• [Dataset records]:
====

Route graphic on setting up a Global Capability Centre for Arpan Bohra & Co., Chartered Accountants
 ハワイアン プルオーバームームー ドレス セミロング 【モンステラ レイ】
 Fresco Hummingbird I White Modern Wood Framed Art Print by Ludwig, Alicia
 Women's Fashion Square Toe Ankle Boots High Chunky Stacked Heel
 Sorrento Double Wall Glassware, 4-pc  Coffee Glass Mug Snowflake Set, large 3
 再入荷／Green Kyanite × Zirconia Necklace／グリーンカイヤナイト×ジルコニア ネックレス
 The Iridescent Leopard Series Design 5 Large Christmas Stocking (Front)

====

• [REQUIREMENT]: Repeat the data exactly. Leave nothing out.

• [ANSWER SPACE]:
Route graphic on setting up a Global Capability Centre for Arpan Bohra & Co., Chartered Accountants
 ハワイアン プルオーバームームー ドレス セミロング 【モンステラ レイ】
 Fresco Hummingbird I White Modern Wood Framed Art Print by Ludwig, Alicia
 Women's Fashion Square Toe Ankle Boots High Chunky Stacked Heel
 Sorrento Double Wall Glassware, 4-pc  Coffee Glass Mug Snowflake Set, large 3
 再入荷／Green Kyanite × Zirconia Necklace／グリーンカイヤナイト×ジルコニア ネックレス
 The Iridescent Leopard Series Design 5 Large Christmas Stocking (Front)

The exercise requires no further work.